(Recorded data)
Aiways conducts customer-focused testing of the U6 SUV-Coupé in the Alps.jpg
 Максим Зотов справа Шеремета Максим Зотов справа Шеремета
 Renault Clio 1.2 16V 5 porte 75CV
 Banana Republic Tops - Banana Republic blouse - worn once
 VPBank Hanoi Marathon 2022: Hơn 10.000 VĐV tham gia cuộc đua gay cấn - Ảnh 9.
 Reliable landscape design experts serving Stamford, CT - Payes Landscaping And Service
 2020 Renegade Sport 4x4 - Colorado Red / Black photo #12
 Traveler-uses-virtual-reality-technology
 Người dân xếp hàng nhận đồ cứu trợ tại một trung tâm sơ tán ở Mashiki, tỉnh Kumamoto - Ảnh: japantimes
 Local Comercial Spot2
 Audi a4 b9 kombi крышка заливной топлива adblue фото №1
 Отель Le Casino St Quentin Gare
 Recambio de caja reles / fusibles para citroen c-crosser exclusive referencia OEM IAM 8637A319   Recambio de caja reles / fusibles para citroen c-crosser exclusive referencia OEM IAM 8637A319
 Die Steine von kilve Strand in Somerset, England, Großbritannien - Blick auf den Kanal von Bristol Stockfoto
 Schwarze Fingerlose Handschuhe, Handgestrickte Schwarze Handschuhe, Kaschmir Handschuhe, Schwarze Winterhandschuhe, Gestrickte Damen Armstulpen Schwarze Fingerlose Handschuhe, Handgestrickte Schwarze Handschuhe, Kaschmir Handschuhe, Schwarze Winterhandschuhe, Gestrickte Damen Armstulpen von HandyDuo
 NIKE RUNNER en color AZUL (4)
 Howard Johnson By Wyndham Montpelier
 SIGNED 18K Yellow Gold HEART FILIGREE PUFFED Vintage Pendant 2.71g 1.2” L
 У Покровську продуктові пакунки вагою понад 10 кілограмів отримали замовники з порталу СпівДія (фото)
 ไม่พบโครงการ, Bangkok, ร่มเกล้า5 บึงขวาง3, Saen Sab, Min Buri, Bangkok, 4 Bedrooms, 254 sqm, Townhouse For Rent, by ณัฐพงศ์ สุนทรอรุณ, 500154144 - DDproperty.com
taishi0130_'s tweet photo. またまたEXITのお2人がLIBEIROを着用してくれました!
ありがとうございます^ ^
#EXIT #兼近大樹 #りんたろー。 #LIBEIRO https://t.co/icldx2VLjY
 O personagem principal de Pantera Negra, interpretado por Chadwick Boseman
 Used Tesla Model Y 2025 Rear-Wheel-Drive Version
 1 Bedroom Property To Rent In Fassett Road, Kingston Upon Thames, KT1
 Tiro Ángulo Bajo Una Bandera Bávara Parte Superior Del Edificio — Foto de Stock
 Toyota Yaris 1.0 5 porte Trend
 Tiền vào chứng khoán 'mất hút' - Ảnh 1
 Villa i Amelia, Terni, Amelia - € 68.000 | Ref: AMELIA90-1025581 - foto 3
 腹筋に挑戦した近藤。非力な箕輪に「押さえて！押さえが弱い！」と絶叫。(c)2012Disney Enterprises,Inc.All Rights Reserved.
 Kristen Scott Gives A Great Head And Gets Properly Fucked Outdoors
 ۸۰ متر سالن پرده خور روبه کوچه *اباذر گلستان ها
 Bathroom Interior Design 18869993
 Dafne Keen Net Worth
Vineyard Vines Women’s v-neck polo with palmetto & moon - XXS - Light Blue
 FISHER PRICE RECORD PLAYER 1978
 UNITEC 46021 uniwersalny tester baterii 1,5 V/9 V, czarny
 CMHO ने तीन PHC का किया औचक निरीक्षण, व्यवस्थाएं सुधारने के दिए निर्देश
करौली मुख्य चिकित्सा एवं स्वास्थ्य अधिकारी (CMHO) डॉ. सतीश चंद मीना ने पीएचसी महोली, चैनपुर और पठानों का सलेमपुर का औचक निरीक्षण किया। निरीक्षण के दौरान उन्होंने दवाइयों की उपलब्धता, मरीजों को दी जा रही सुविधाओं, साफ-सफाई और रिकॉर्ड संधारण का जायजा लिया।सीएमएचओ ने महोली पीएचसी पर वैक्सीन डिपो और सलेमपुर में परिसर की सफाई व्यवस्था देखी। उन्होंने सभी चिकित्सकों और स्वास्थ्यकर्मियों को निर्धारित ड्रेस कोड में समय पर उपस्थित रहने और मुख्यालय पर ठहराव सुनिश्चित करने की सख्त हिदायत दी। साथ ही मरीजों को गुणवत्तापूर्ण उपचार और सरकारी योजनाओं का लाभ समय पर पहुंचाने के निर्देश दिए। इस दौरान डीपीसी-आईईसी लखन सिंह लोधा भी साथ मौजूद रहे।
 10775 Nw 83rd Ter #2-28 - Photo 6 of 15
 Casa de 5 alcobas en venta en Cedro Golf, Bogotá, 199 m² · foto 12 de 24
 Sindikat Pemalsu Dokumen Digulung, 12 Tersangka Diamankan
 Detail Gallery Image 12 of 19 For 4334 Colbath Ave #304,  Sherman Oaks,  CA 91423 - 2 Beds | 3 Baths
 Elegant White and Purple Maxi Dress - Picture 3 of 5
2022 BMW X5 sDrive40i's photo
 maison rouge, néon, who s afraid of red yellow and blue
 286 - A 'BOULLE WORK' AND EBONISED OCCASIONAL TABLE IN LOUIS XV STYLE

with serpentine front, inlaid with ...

PROBLEM DESCRIPTION: Please find every line in the records above that holds the word "CMHO" and copy it.

EXPECTED ANSWER:
 CMHO ने तीन PHC का किया औचक निरीक्षण, व्यवस्थाएं सुधारने के दिए निर्देश
करौली मुख्य चिकित्सा एवं स्वास्थ्य अधिकारी (CMHO) डॉ. सतीश चंद मीना ने पीएचसी महोली, चैनपुर और पठानों का सलेमपुर का औचक निरीक्षण किया। निरीक्षण के दौरान उन्होंने दवाइयों की उपलब्धता, मरीजों को दी जा रही सुविधाओं, साफ-सफाई और रिकॉर्ड संधारण का जायजा लिया।सीएमएचओ ने महोली पीएचसी पर वैक्सीन डिपो और सलेमपुर में परिसर की सफाई व्यवस्था देखी। उन्होंने सभी चिकित्सकों और स्वास्थ्यकर्मियों को निर्धारित ड्रेस कोड में समय पर उपस्थित रहने और मुख्यालय पर ठहराव सुनिश्चित करने की सख्त हिदायत दी। साथ ही मरीजों को गुणवत्तापूर्ण उपचार और सरकारी योजनाओं का लाभ समय पर पहुंचाने के निर्देश दिए। इस दौरान डीपीसी-आईईसी लखन सिंह लोधा भी साथ मौजूद रहे।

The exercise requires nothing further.